▶ What this task involves: From the first line to the last, copy the listing exactly and omit the images.

▶ Data provided:

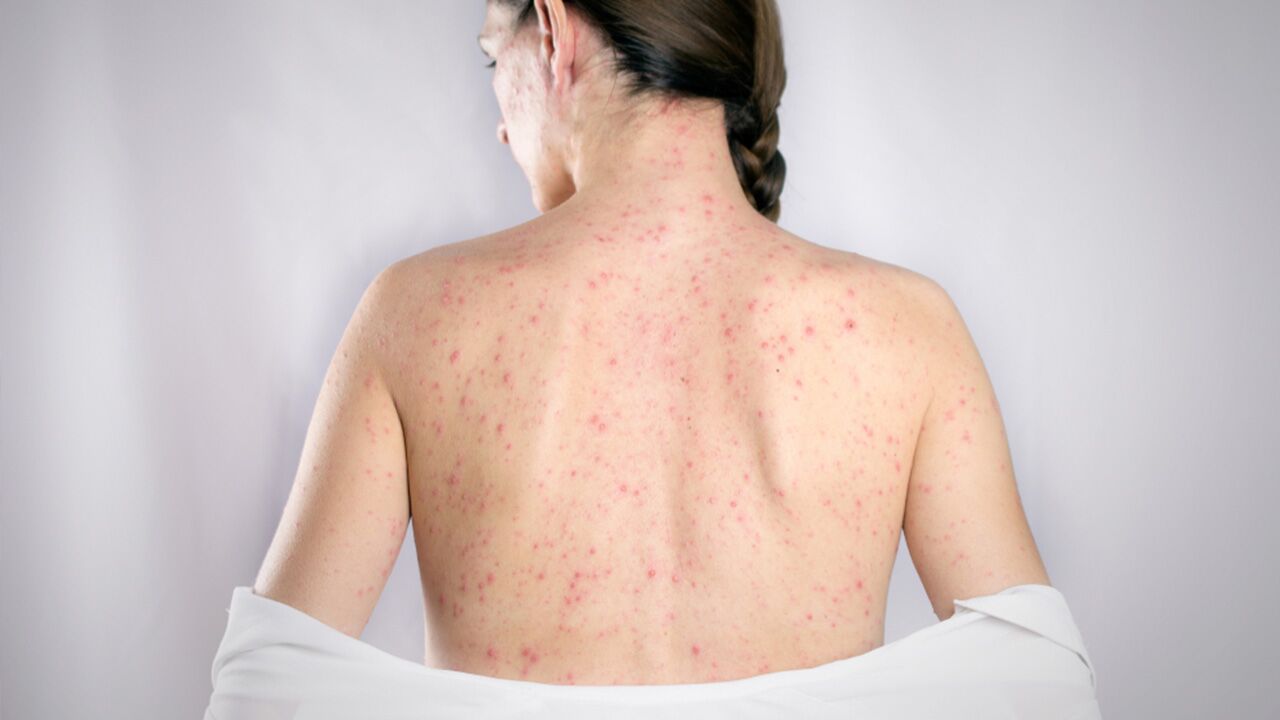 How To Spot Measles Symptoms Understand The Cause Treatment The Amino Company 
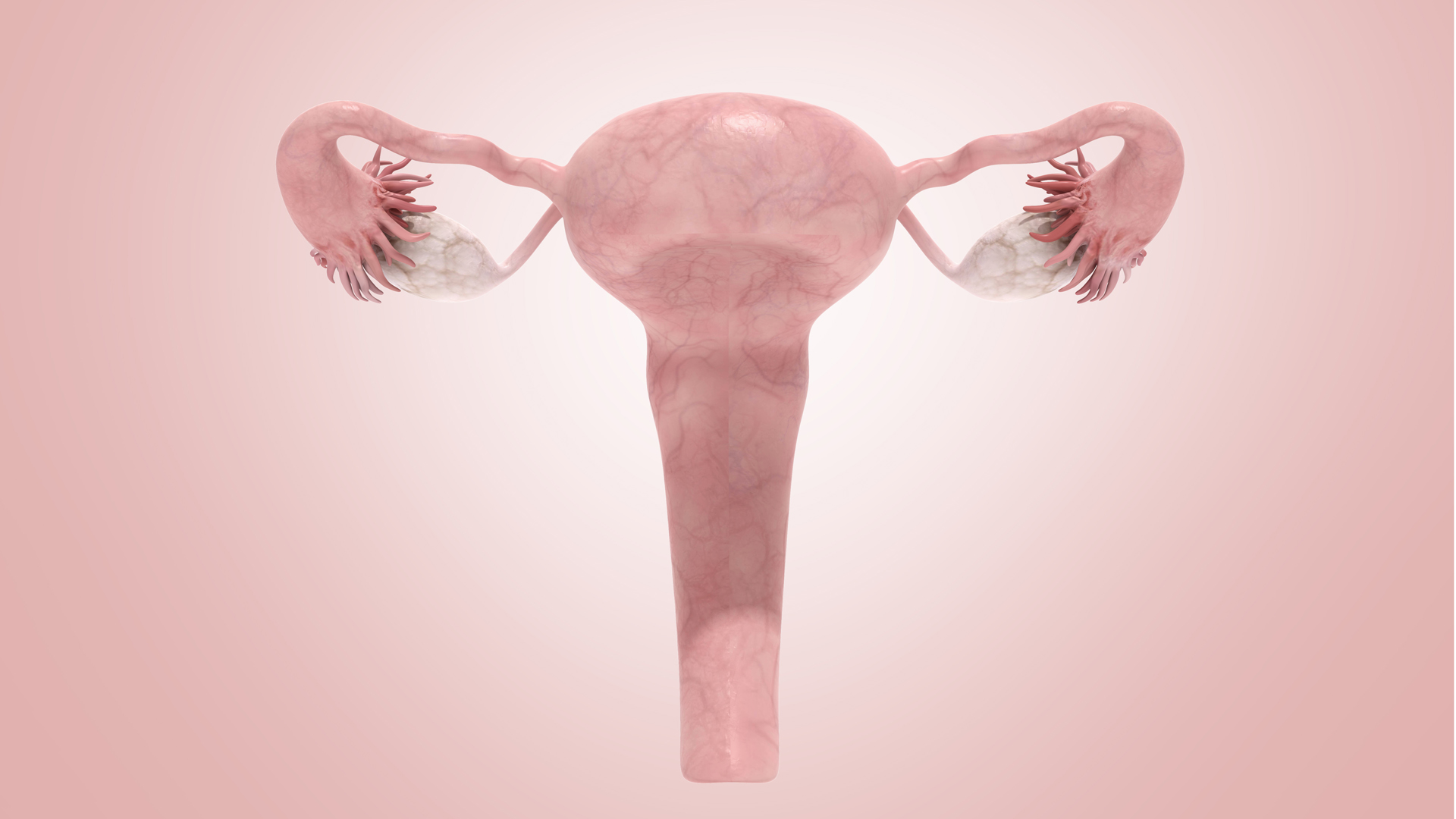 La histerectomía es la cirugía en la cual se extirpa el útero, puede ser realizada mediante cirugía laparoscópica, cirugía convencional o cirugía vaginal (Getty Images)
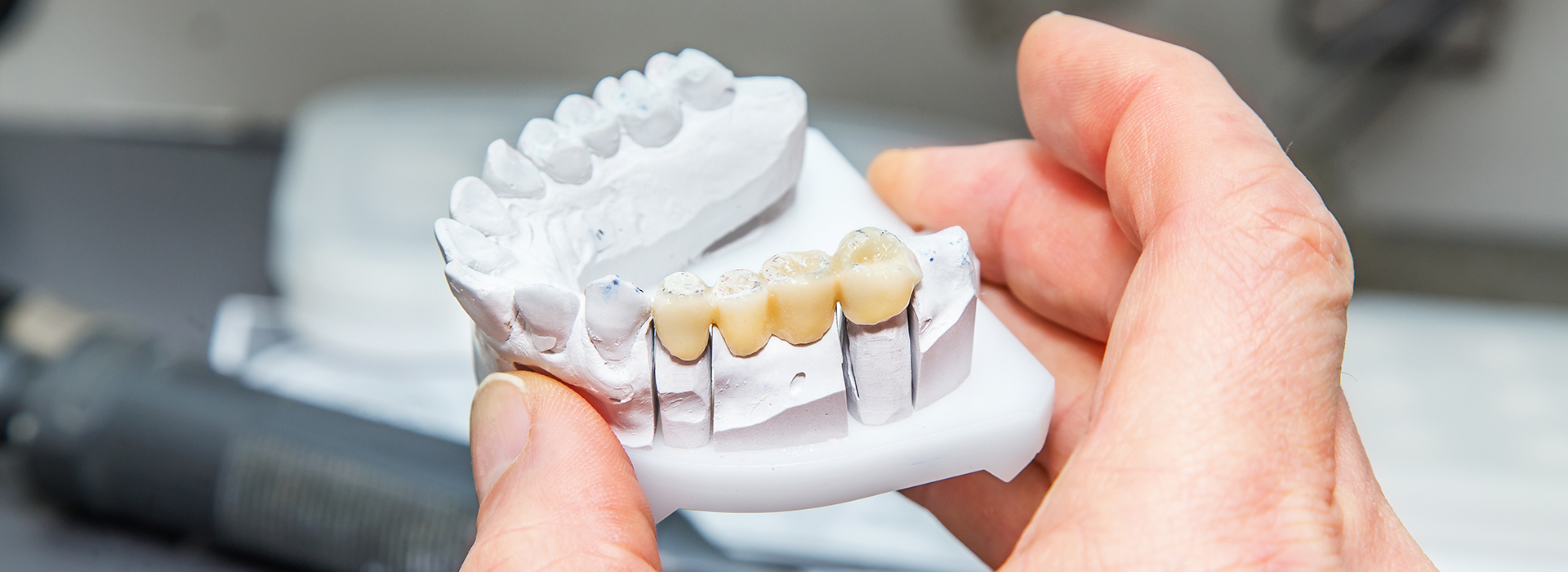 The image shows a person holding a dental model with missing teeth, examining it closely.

▶ Answer for this exercise:
 How To Spot Measles Symptoms Understand The Cause Treatment The Amino Company 
 La histerectomía es la cirugía en la cual se extirpa el útero, puede ser realizada mediante cirugía laparoscópica, cirugía convencional o cirugía vaginal (Getty Images)
 The image shows a person holding a dental model with missing teeth, examining it closely.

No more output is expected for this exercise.